**Activity**.
Below, some lines carry pictures; leave those pictures out and retype exactly the lines from the one with "4th image of 205 Greenwich St" through the one with "Willkommen an der".

**Information provided**.
============================================================
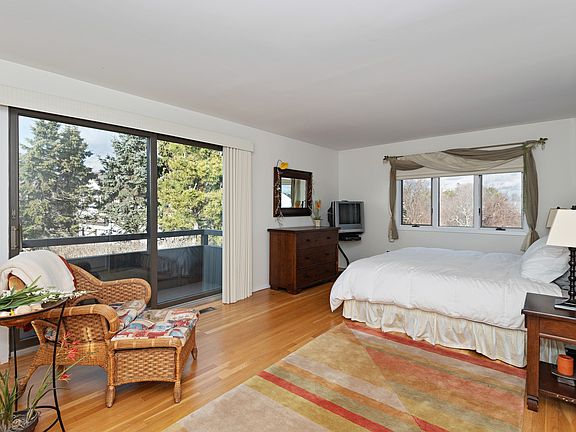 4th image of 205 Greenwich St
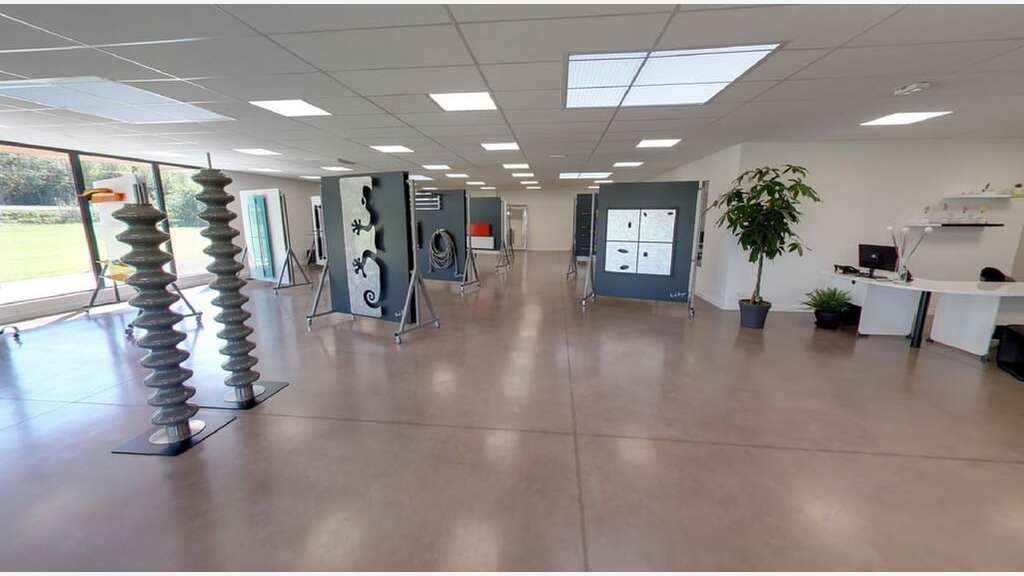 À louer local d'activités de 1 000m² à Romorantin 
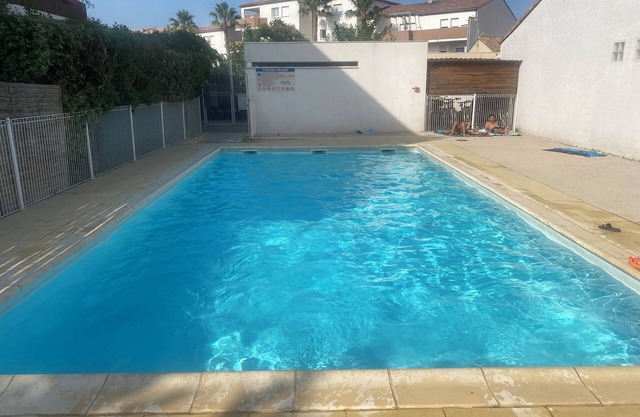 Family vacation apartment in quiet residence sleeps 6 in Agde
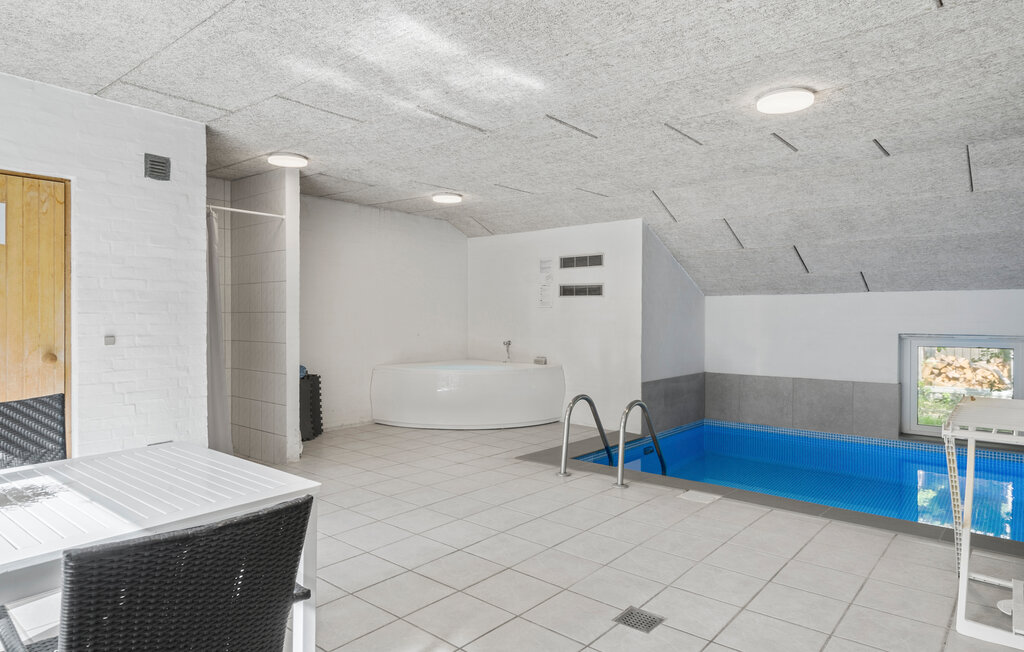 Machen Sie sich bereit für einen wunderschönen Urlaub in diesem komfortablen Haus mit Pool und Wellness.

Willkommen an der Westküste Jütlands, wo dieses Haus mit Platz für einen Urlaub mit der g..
============================================================
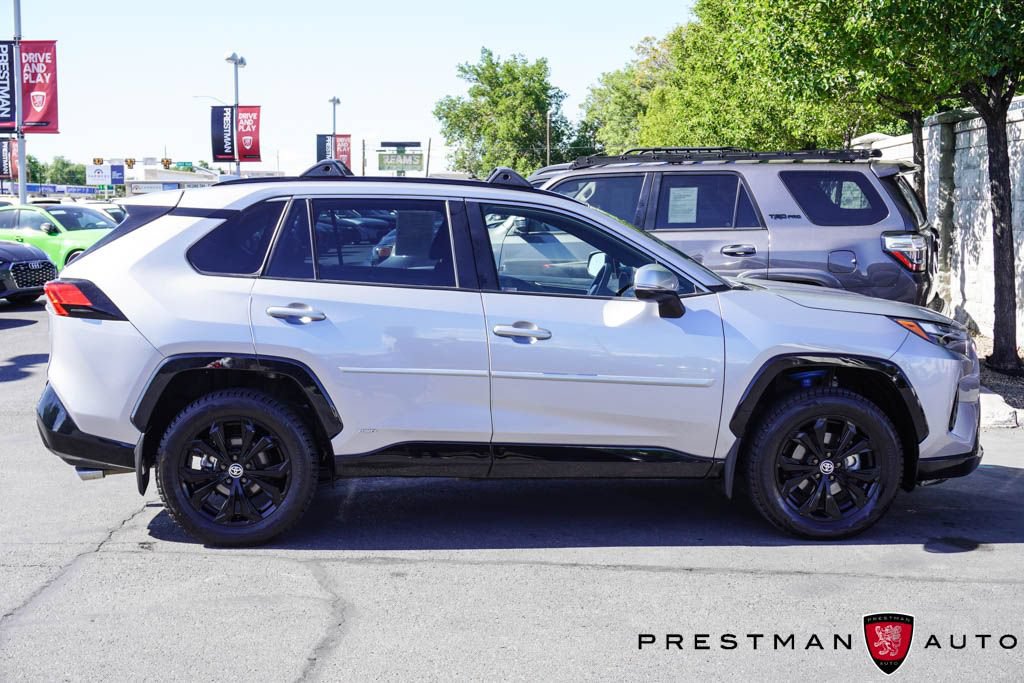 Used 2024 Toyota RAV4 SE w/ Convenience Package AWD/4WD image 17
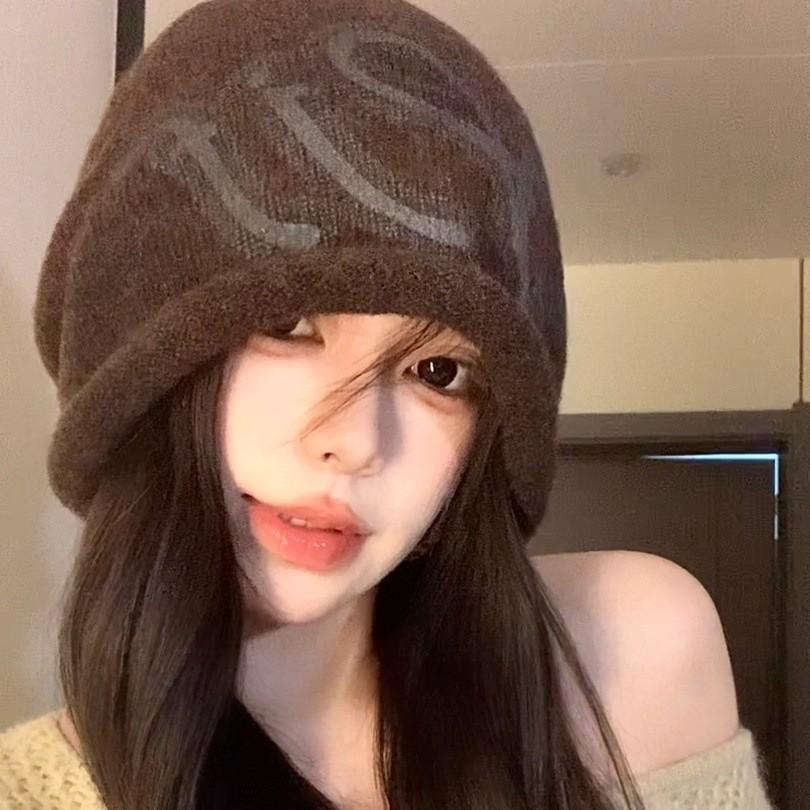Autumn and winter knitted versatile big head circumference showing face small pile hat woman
============================================================
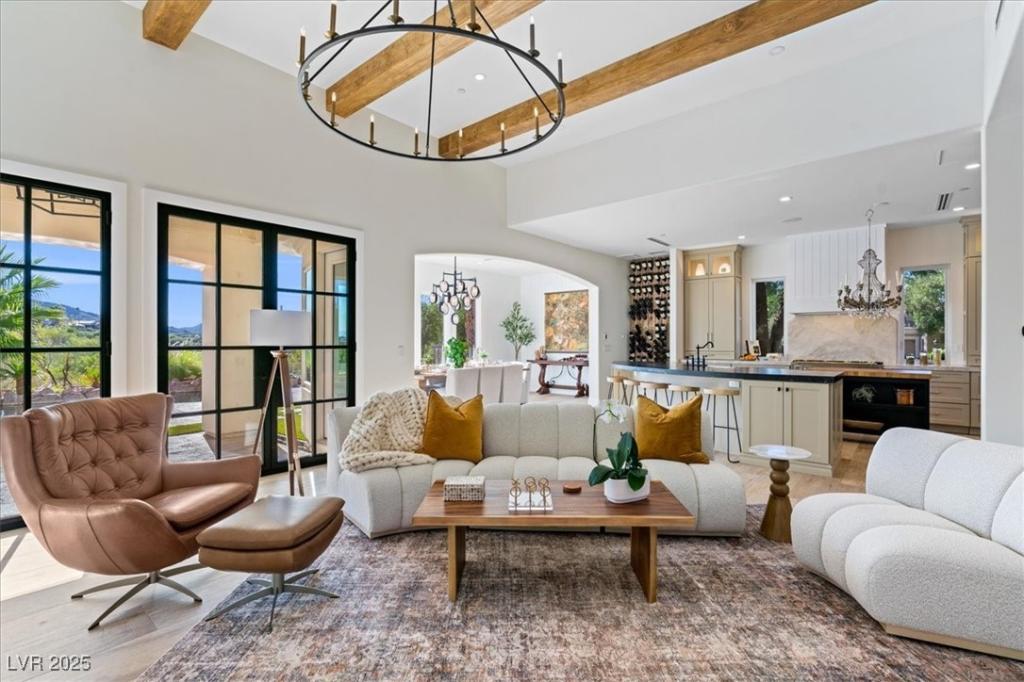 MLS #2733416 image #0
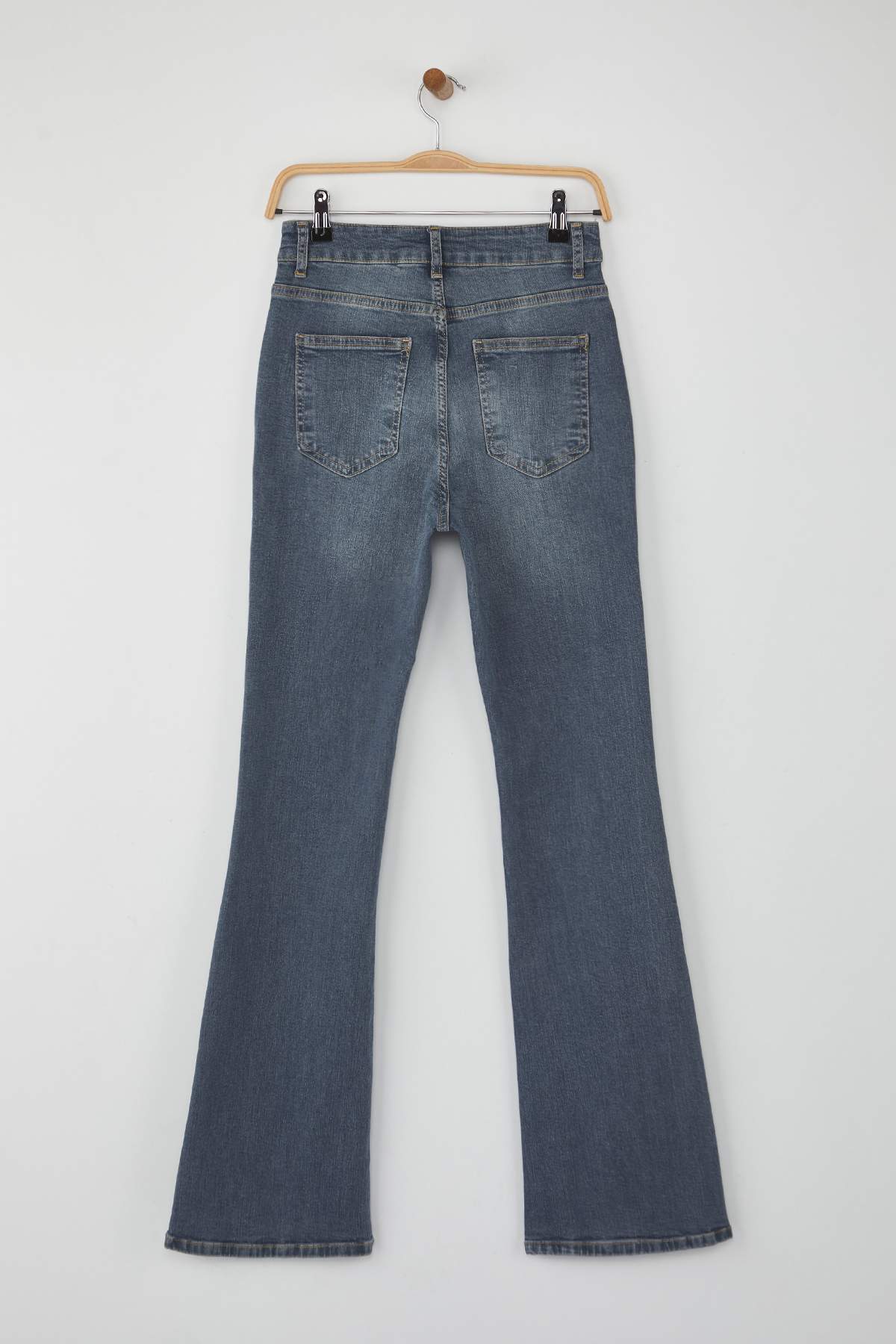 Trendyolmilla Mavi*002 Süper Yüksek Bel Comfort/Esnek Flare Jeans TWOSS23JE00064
============================================================
**Expected answer**.
 4th image of 205 Greenwich St
 À louer local d'activités de 1 000m² à Romorantin 
 Family vacation apartment in quiet residence sleeps 6 in Agde
 Machen Sie sich bereit für einen wunderschönen Urlaub in diesem komfortablen Haus mit Pool und Wellness.

Willkommen an der Westküste Jütlands, wo dieses Haus mit Platz für einen Urlaub mit der g..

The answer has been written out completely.